One of the best examples of correlation WITH causality is perhaps how continued education (effect) of the girl child in rural areas (especially the most backward of areas economically) is a direct sign of improved quality (correlation) of life due to easier access to micro finance (cause). It is important for the Analytics team to identify Cause- it helps identify which on which variables to nudge consumer behaviour.

6. Awareness of ‘Small Data’ – Access to Hadoop Clusters, AWS Cloud computing etc. means we can crunch unstructured data will never before. This is what we call ‘Big Data’. My experience as a Consumer Behaviourist taught me the importance of ‘Small Data’.
Small Data is basically going back to consumers who exhibit a particular behaviour and simply asking an important question – Why?
This is an exercise which Analytics Managers / Heads in fact all P&L managers must routinely do- step out in the field and simply send time with consumers to understand why they behave so. This makes the analytics far more potent.
As the CMO of Fino Payments Bank I often wondered why a Micro ATM offering merchant in the middle of Jaunpur district did extra ordinary business. No data point could support the outcome. We simply spent time with him to figure his secret – He opened his shop earlier than the market and shut 2 hours after the market closed (was hence perceived to be always available) and greeted every customer who walked into his shop with a smile and asked for their well-being. This simple act endeared him to folks who wanted to withdraw money and they repeatedly visited him! No data point in an excel sheet would have ever captured that.

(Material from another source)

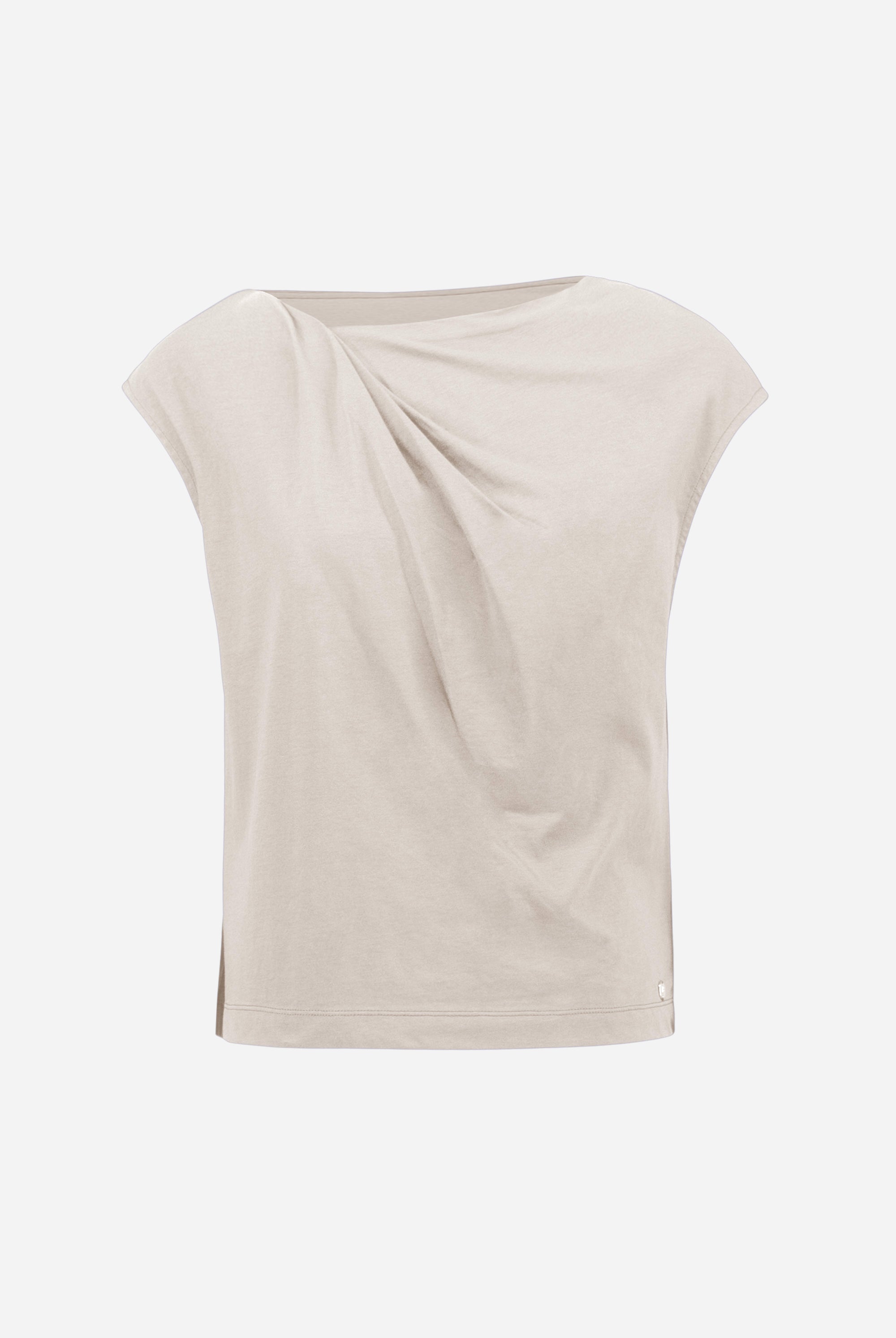 Cotton Top With Asymmetrical Collar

7. Simply. Simplify and Simplify. – To most things mathematical are an anathema and hence threatening. To take the business teams along and get their support an Analyst should have the skills to simplify his/ her craft. Once business understands the basis for predictive modelling, use cases for AI etc., they appreciate the solution, impact. Else it becomes a case of ‘I told you so’ when projects fail and many will fail.

All the points above are the softer but critical aspect of Analytics which often get ignored in the quest for more compute power, more variables to be added. But all the above are irrelevant if the basic quantitative skills are absent and if the company does not invest in the right infrastructure.